▶ EXERCISE DESCRIPTION:
Omit the pictures and reproduce the rest of the listing exactly.

▶ SOURCE DATA:
☆ ☆ ☆ ☆
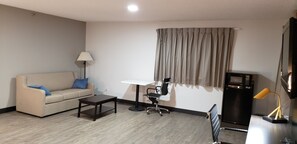 Desk, iron/ironing board, free WiFi, bed sheets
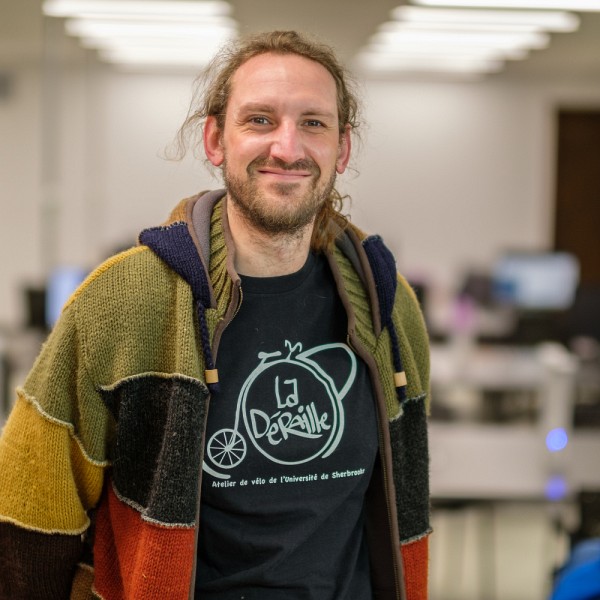 Yoann Anselmetti, stagiaire postdoctoral en informatique et b&eacute;n&eacute;vole &agrave; La D&eacute;railleMichel Caron - UdeS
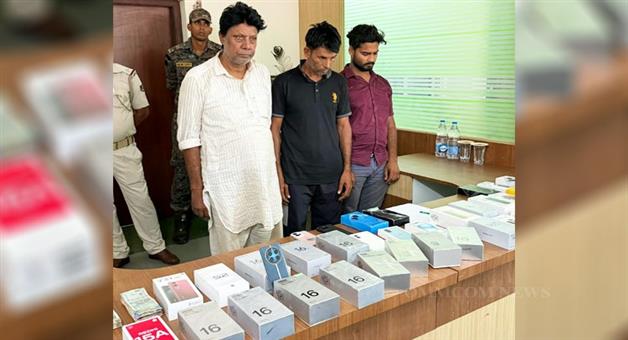 Khabar Odisha:mobile-shop-burglary-cracked-in-puri-three-held-40-handsets-seized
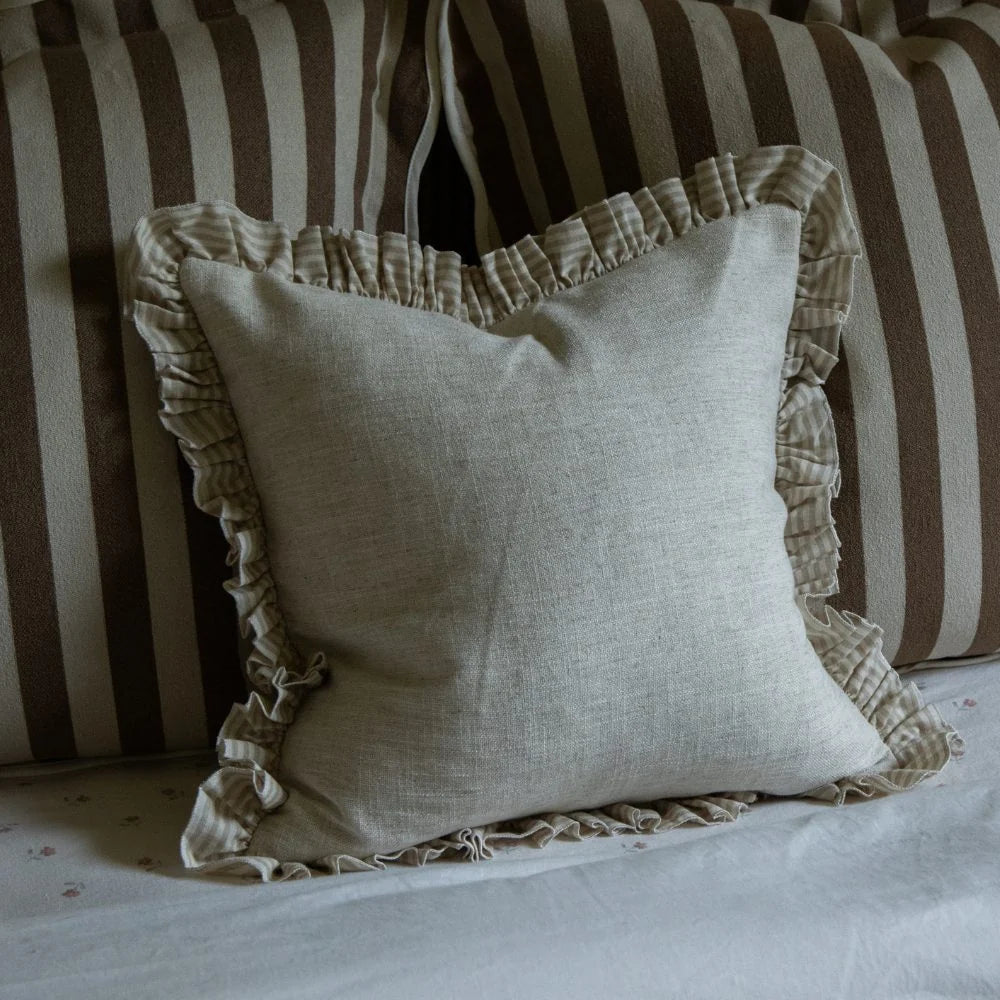 Housse de coussin Bella beige rayée à volants 45x45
☆ ☆ ☆ ☆
▶ REPLY:
 Desk, iron/ironing board, free WiFi, bed sheets
 Yoann Anselmetti, stagiaire postdoctoral en informatique et b&eacute;n&eacute;vole &agrave; La D&eacute;railleMichel Caron - UdeS
 Khabar Odisha:mobile-shop-burglary-cracked-in-puri-three-held-40-handsets-seized
 Housse de coussin Bella beige rayée à volants 45x45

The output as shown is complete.